### Directions
What I need is an exact repeat of the lines from the one with "SLC35F5 Antibody (PACO38862)" through the end of the listing below. Leave out every picture.

### Supplied information
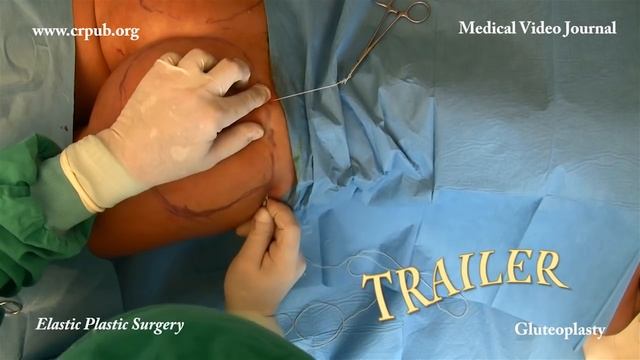 24. Lifting of the buttocks with the elastic thread through two 5 mm incisions смотреть онлайн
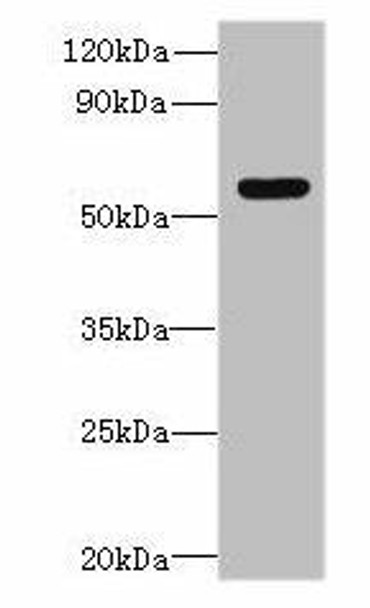 SLC35F5 Antibody (PACO38862)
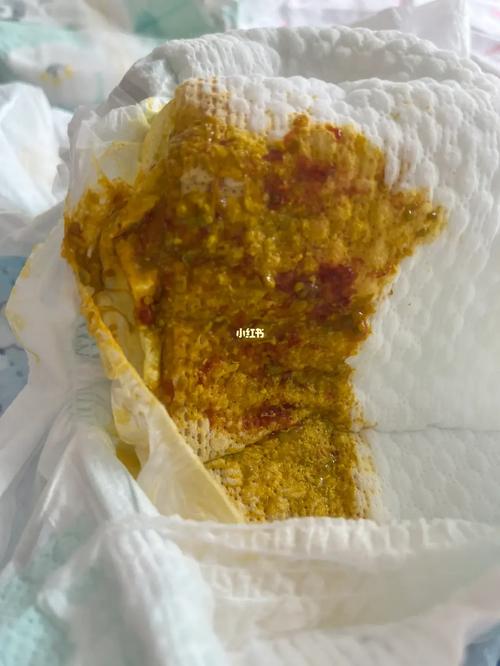 20天新生儿大便有血丝是正常现象还是疾病信号？该如何应对？-第3张图片-郑州医学网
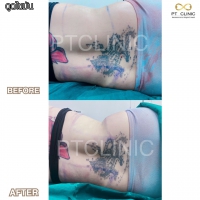 S__131891272.jpg - ดูดไขมัน แผลเล็กมาก เจ็บน้อย ชิวชิว ไม่ต้องวางยา | https://ptinfinity.com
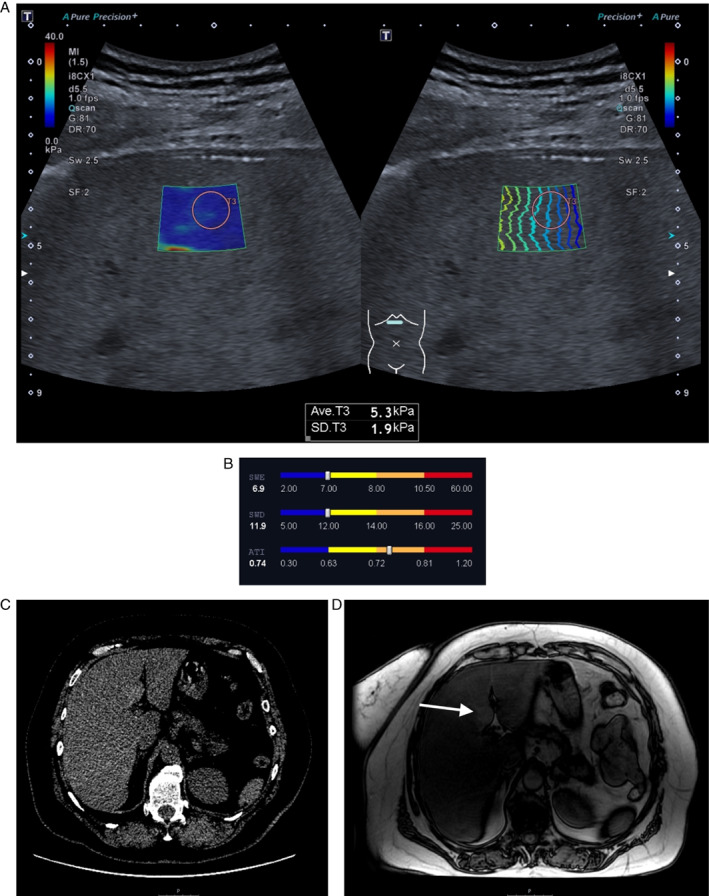 Figure 4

### Answer to this task
 SLC35F5 Antibody (PACO38862)
 20天新生儿大便有血丝是正常现象还是疾病信号？该如何应对？-第3张图片-郑州医学网
 S__131891272.jpg - ดูดไขมัน แผลเล็กมาก เจ็บน้อย ชิวชิว ไม่ต้องวางยา | https://ptinfinity.com
 Figure 4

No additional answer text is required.